Nothing is worse than paying for a solution that has all the data you want with an interface and UI design built by a Linux kernel engineer (Sorry guys, you do write some awesome code though!). If it's hard for you to get around and accomplish what you need to help ensure social media adds value to your business, imagine what it's gonna be like training a total newbie on how to use it when it's time to scale. Imagine having to train thirty plus newbies across multiple departments with different personalities and skill sets across your entire company and then having to support all of them when they have questions.

You can avoid the nightmare if you choose a tool that is easy to use, easy to train others on, and has a very thoughtful UI. Don't be taken by all the graphs and charts and animated fly-out menus backed by a smooth sales pitch. If you login to a new tool from scratch, without ever having seen it before, and can't figure out how to intuitively access the basics, keep that red flag in the back of your mind. It could help spare you a major headache later.

Support

Companies large and small are trusting their business decisions and their budgets every quarter to data monitored by these various solutions. Most of the time these tools are web portals, hosted by the vendor.

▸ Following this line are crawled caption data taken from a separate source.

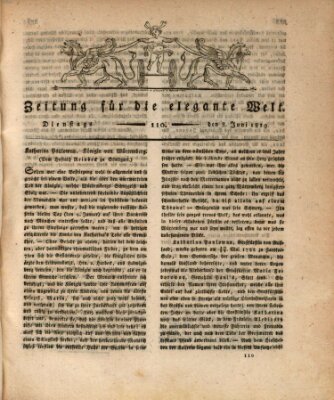 Zeitung für die elegante Welt Dienstag 8. Juni 1819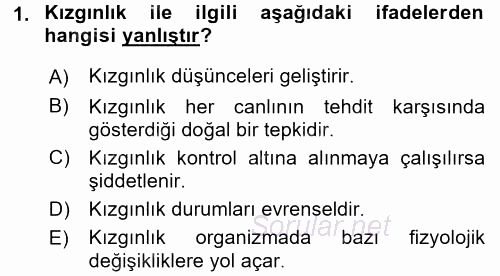 Etkili İletişim Teknikleri 2015 - 2016 Ara Sınavı 1.Soru
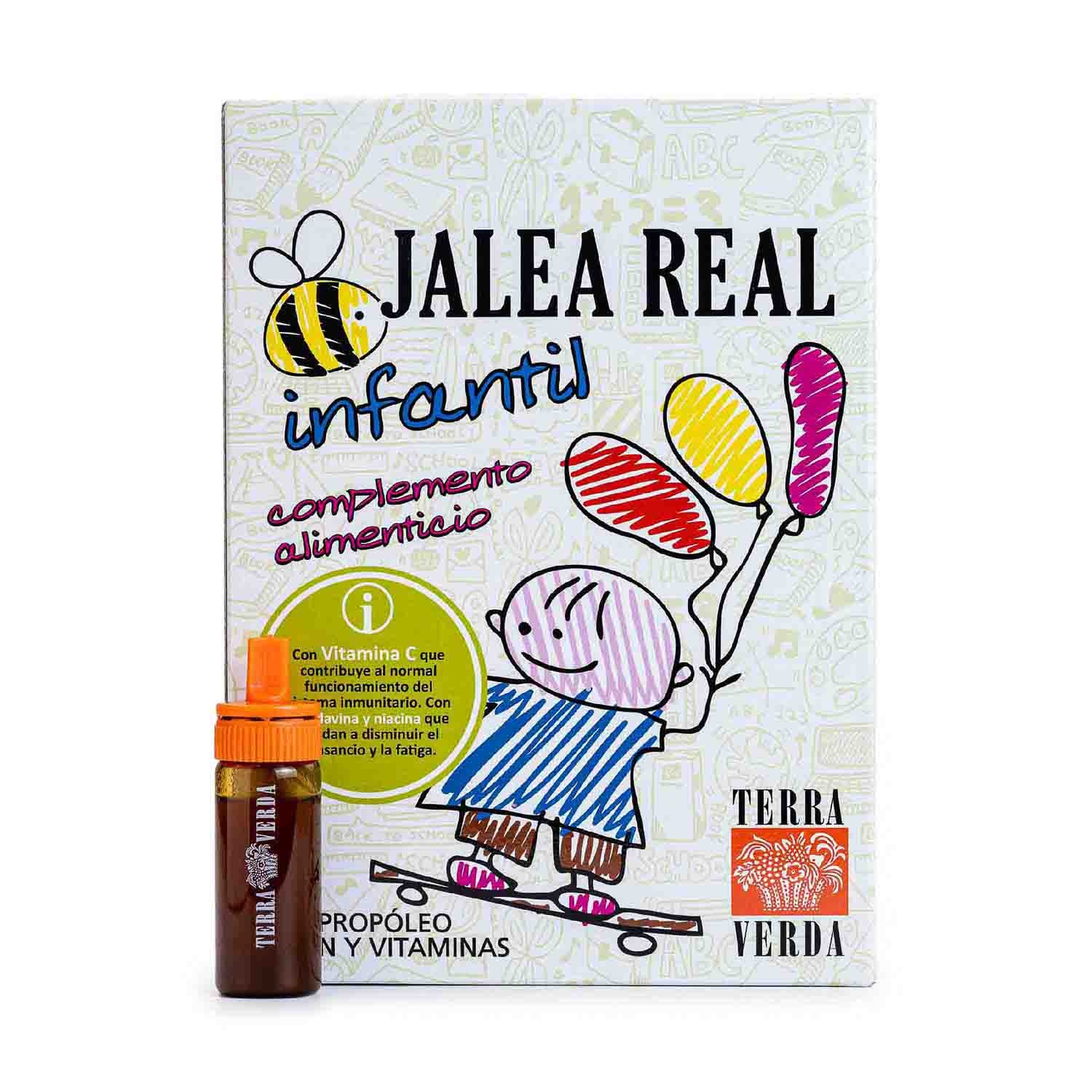 Jalea real infantil 20 viales Terra Verda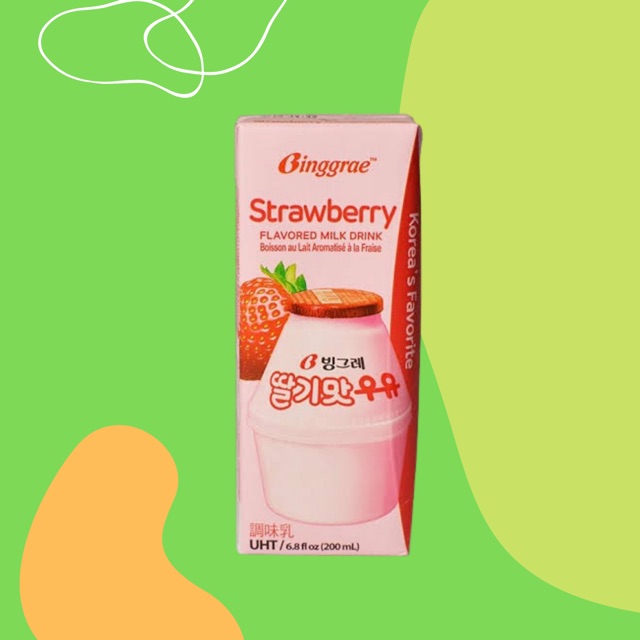 

Binggrae Stawberry 200ml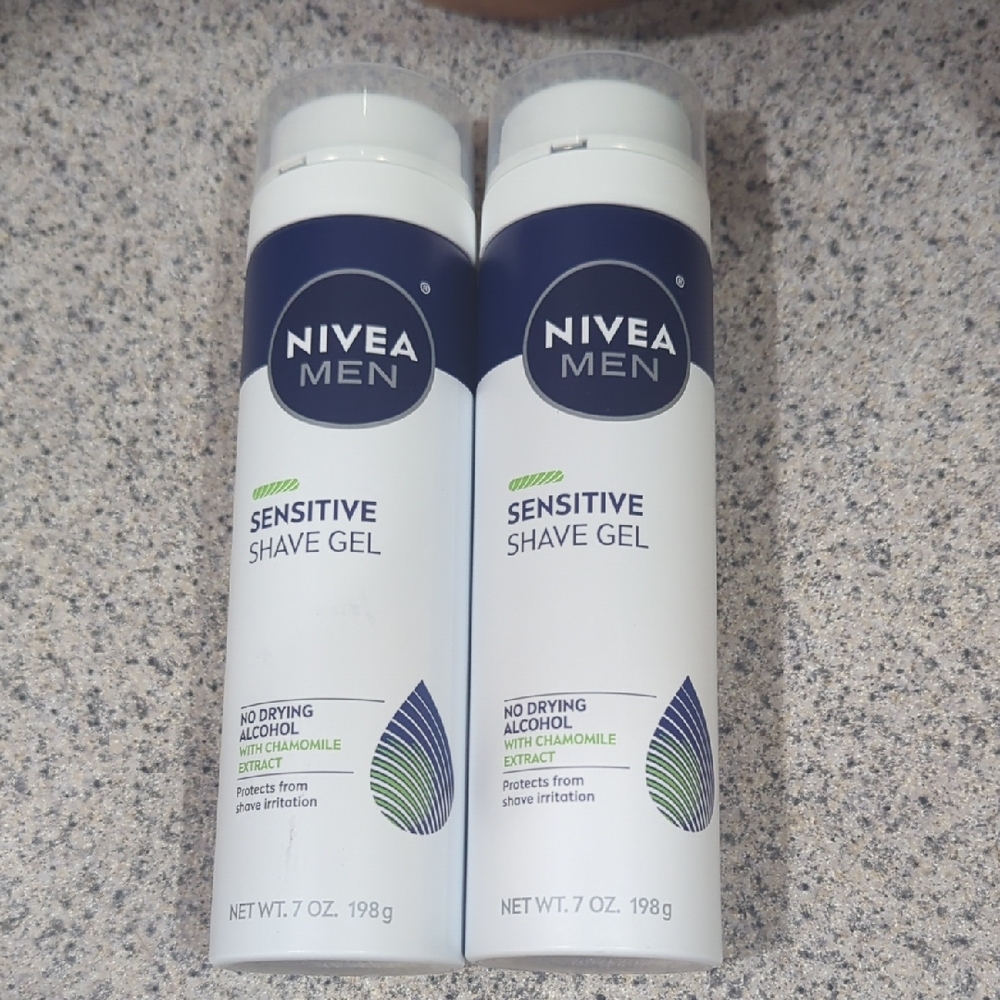 Nivea Men Sensitive Shave Gel - White and Blue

By investing in, and building out, the complex and strategic integration of a third party software into the folds of they way you do business, you are placing a high amount of trust and reliability in someone outside of your company. You need to know that they have a responsive support team of skilled staff in place that use a solid system and process for receiving, addressing, and fixing issues when they arise. Nothing makes executives lose faith more than system downtime with no real answers or ETA.

Expect a Lot

Lastly, Now is the time to raise the bar high. Don't be easily sold on one or two cool features that are pitched to you using the word engage in every other sentence. During these transitional times in social technology, adoption by key decision makers and upper management is something we are all working hard to attain. Deciding on a good social media monitoring solution that you plan on scraping up budget for during a tough economic time can make or break the amount of support you get. Expect a lot from all the vendors that are calling you to set up a demo. Hammer them with questions and requirements so that you aren't giving your budget away. Being a well-intentioned skeptic is never a bad thing.

In the end, your specific business needs will dictate the priority of these various features when you are going through the evaluation process to see what is out there.

Before committing to a contract with any solution, the key is to first assess your business priorities and KPI's, then start scheduling demos and stack each solution's strengths and weaknesses against your social demands. The best solution is the one that fits the needs of your business, not the one that uses the most buzz words.